◆ The data:
************

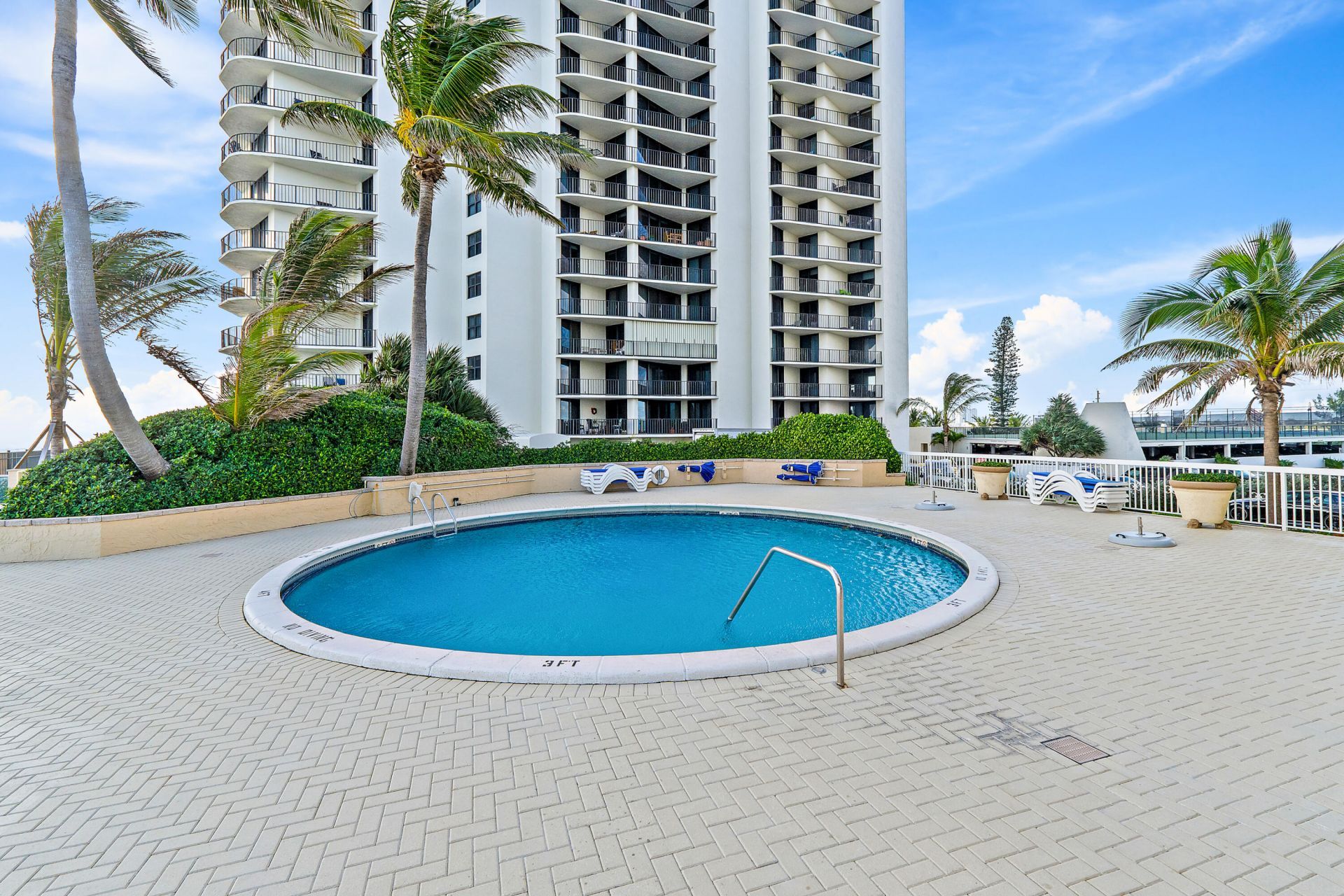 5440 N Ocean Drive, Unit PH205, Singer Island, FL 33404 Photo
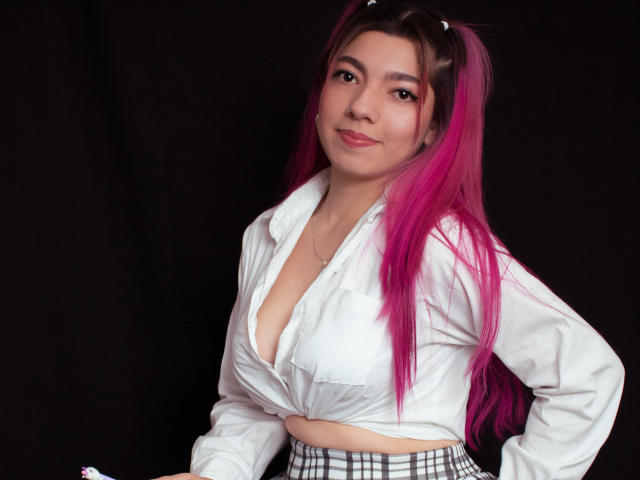 KiaraJonnes - Live porn &amp; sex cam - 9914049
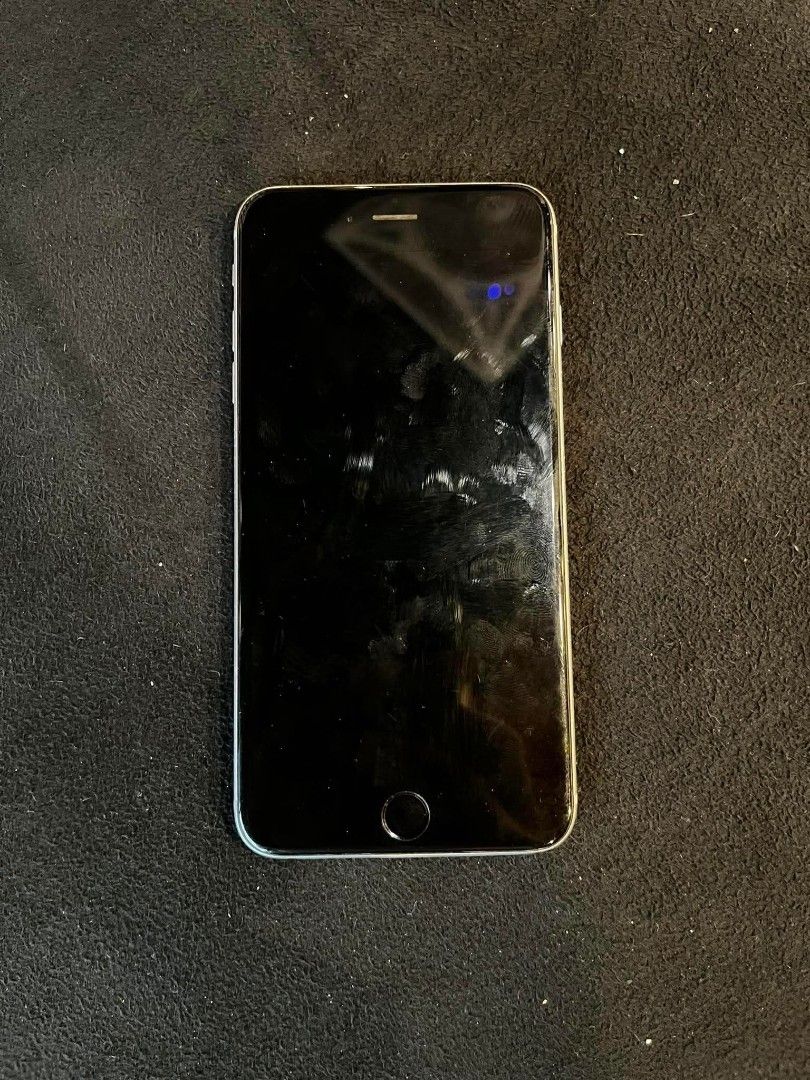 Iphone 6+ (Category: iPhone 6 Series) located in Naga. Submitted by salakot4400 (Listing ID 1442695884, Image 3). Description: issue shaky na Yung camera and di na sya na downloadan and wifi use nalang sya pero all goods pa naman .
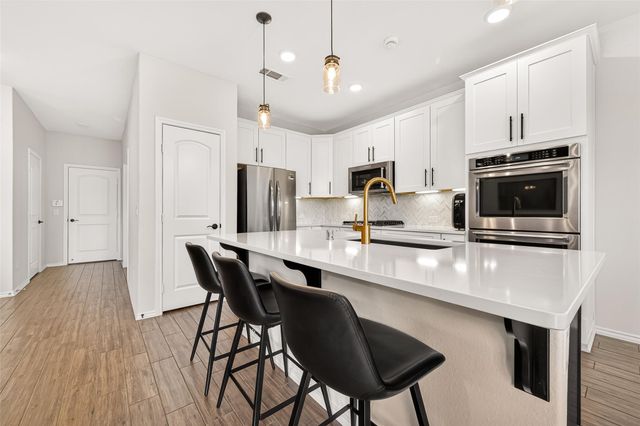 5134 Aedan Oak, Houston, TX, 77018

************

◆ What you will do: Make an exact copy of the lines from the one holding "Iphone 6+ (Category: iPhone" through the end of the material, both ends included, and keep the pictures out of it.

◆ Task answer:
 Iphone 6+ (Category: iPhone 6 Series) located in Naga. Submitted by salakot4400 (Listing ID 1442695884, Image 3). Description: issue shaky na Yung camera and di na sya na downloadan and wifi use nalang sya pero all goods pa naman .
 5134 Aedan Oak, Houston, TX, 77018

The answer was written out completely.